Esatto, o viceversa, ha ragione lei. È probabile che il centrodestra, che in questo momento ha più partiti, trovi più facilmente nel mondo delle professioni in particolare gente disposta a lavorare. Il nuovo sindaco di Pisa credo sia un avvocato. Non ne farei un rapporto meccanico.

Se nell’immaginario l’elettorale di centrosinistra si incontra con i propri dirigenti in determinati luoghi, mi verrebbe da chiedere quali sono i luoghi dei preponderanti elettori di centrodestra.

Si torna al problema. Il partito, la forma partito. Il famoso militante del centrosinistra che lei cita non ha più luoghi fisici o sociali in cui dire la propria, in cui poter contare qualcosa. Se tutta la partecipazione politica è rappresentata dai gazebo alle primarie, mi permetto di dire anche questo, alla fine che succede? La Lega è un partito con una sua struttura territoriale che si sta via via radicando e diffondendo dal nord verso il centro. Riescono a selezionare un personale politico. Anche tutti i miti fondativi del centrosinistra, che le primarie ad esempio servissero a selezionare i migliori candidati, vanno un po’ rivisti. Non sta accadendo e non accade.

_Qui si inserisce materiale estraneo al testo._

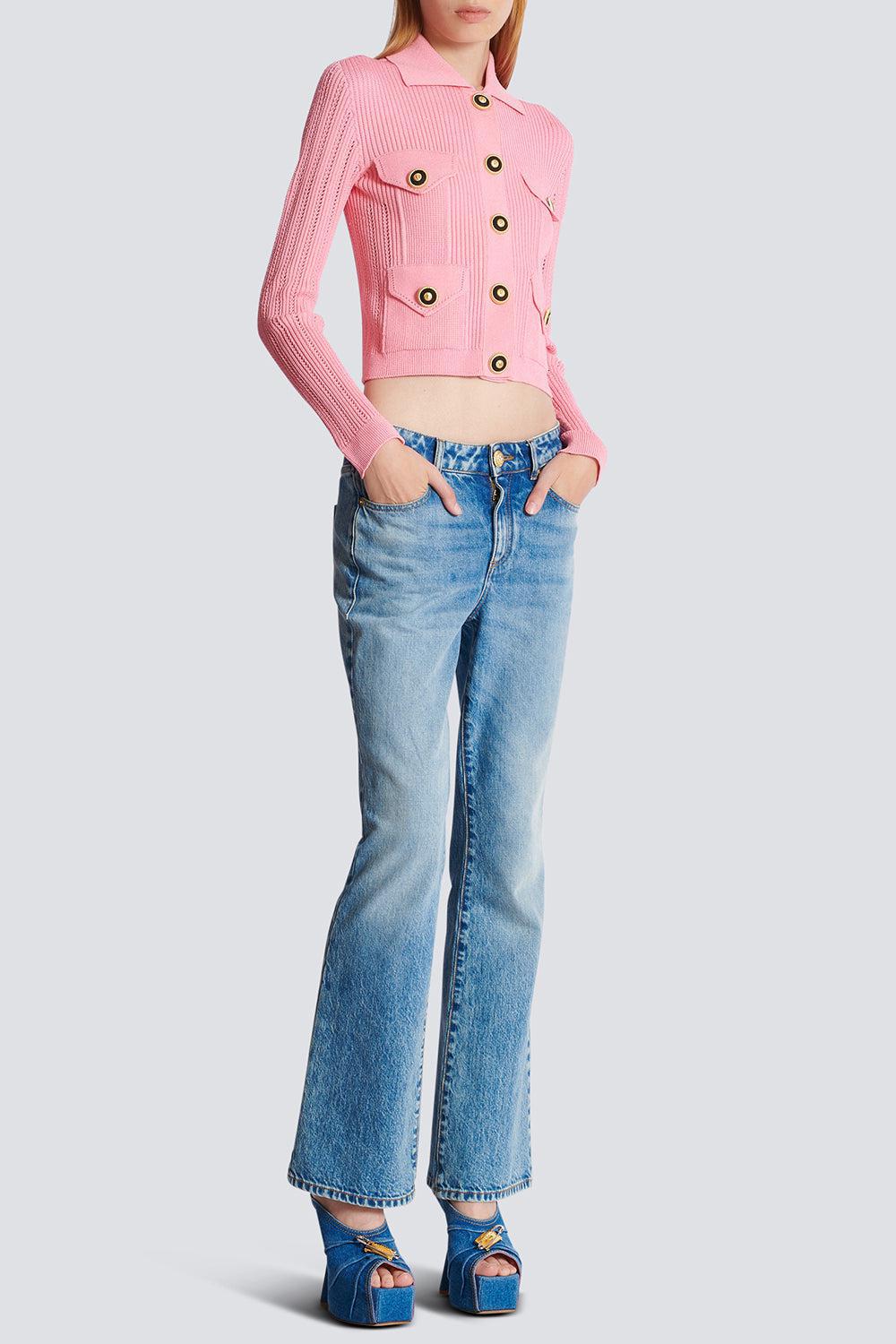 BALMAIN-Buttoned Ribbed Cardigan-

Il 2020 è lontano, dal punto di vista politico sono ere geologiche, specie in questa fase. Credo che qualcuno sia davvero iniziando a tremare, anche a livello regionale.

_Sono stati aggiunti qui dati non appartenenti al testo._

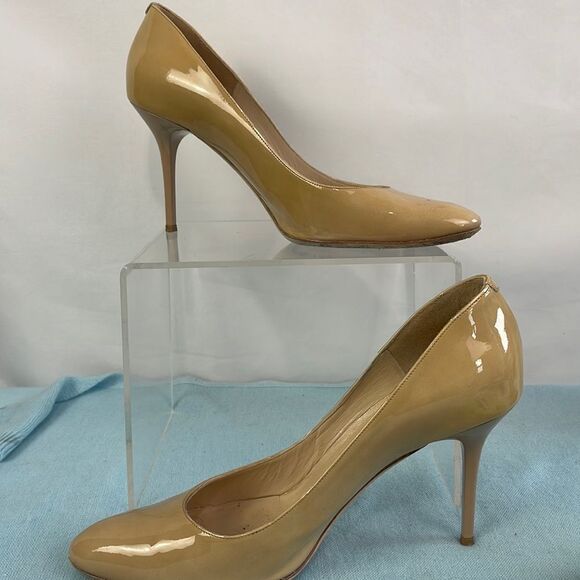 Jimmy Cho Tan Patent Pump Shoes - Picture 1 of 5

Sì, questo è nell’ordine delle cose. Bisogna guardare meglio i numeri e capire il livello di partecipazione, che livello si è avuto sull’astensione rispetto al 4 marzo e rispetto ad altre situazioni. Il voto è volatile, in questo momento suggestionabile anche dal ciclo politico nazionale. Tra due anni sarà un altro mondo, vedremo cosa succederà. Una cosa si può dire: il centrosinistra si deve attrezzare per avere un’offerta politica nuova, innovativa e attraente. Non può pensare di vivere di rendita. È questo che questo non paga neanche in Toscana.